Il movimento dei batteri acquisiti in ospedale dai polmoni all’intestino aumenta il rischio di sepsi
Una nuova ricerca mostra che un batterio acquisito in ospedale che causa gravi infezioni può viaggiare dai polmoni all’intestino nello stesso paziente, aumentando il rischio di sepsi pericolosa per la vita. Pubblicato oggi (25 novembre) su Nature, i ricercatori del Wellcome Sanger Institute hanno analizzato i dati del DNA di pazienti ospedalieri per comprendere il movimento del batterio. Pseudomonas aeruginosa...

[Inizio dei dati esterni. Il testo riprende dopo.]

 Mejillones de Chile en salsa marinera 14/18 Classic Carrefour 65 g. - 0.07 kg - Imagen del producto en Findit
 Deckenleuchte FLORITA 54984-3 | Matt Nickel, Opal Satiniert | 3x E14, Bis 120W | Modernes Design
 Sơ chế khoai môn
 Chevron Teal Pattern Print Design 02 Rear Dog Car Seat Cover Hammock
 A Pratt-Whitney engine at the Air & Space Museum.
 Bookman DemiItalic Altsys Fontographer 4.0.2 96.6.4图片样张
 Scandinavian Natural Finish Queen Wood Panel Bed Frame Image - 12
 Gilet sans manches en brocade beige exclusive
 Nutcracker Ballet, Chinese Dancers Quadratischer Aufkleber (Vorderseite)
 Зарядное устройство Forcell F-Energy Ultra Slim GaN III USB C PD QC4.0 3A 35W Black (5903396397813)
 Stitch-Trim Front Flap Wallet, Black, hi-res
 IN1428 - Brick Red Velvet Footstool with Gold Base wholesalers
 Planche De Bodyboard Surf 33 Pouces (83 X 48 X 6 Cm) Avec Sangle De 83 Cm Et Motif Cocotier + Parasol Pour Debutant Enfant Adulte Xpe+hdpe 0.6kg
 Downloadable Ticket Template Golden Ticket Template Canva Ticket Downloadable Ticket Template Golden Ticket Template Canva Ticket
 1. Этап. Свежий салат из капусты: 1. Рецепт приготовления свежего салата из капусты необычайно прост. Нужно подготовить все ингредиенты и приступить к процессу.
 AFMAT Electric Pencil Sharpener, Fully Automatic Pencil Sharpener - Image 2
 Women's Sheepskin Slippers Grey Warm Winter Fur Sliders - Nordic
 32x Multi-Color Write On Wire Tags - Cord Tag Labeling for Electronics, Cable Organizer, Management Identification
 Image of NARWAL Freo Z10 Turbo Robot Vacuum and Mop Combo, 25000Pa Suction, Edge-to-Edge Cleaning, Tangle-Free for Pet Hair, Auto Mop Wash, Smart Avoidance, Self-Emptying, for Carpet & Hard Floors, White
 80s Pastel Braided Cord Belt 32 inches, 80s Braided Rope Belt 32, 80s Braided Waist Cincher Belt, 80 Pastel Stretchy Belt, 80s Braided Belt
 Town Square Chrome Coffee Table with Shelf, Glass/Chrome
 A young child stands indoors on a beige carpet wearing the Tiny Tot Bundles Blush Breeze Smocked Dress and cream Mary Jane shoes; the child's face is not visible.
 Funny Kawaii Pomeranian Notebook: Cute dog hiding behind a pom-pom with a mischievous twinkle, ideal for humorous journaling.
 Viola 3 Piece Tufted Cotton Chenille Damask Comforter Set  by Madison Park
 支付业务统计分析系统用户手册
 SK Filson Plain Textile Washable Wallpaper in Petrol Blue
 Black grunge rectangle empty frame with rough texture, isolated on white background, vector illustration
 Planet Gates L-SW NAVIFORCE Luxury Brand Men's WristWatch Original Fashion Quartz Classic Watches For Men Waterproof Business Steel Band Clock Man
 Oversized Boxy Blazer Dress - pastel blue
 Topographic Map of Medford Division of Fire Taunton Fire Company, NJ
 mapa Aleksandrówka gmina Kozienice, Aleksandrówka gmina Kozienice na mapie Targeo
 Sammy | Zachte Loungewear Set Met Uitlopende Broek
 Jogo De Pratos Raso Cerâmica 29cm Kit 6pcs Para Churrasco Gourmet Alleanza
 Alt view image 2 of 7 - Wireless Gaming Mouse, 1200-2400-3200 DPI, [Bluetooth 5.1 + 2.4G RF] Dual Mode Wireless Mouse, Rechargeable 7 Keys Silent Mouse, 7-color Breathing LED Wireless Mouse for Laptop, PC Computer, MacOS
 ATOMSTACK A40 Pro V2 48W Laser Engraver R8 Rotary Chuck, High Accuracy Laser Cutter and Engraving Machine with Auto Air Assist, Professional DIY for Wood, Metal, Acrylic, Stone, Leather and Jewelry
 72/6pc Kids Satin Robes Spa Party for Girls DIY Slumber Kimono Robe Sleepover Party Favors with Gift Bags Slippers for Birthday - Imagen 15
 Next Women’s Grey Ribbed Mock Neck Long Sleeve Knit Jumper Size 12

Il movimento dei batteri acquisiti in ospedale dai polmoni all’intestino aumenta il rischio di sepsi
Una nuova ricerca mostra che un batterio acquisito in ospedale che causa gravi infezioni può viaggiare dai polmoni all’intestino nello stesso paziente, aumentando il rischio di sepsi pericolosa per la vita.
Pubblicato oggi (25 novembre) inNaturaI ricercatori del Wellcome Sanger Institute hanno analizzato i dati del DNA dei pazienti ospedalieri per comprendere il movimento del batterio.Pseudomonas aeruginosa(P. aeruginosa)all'interno degli individui.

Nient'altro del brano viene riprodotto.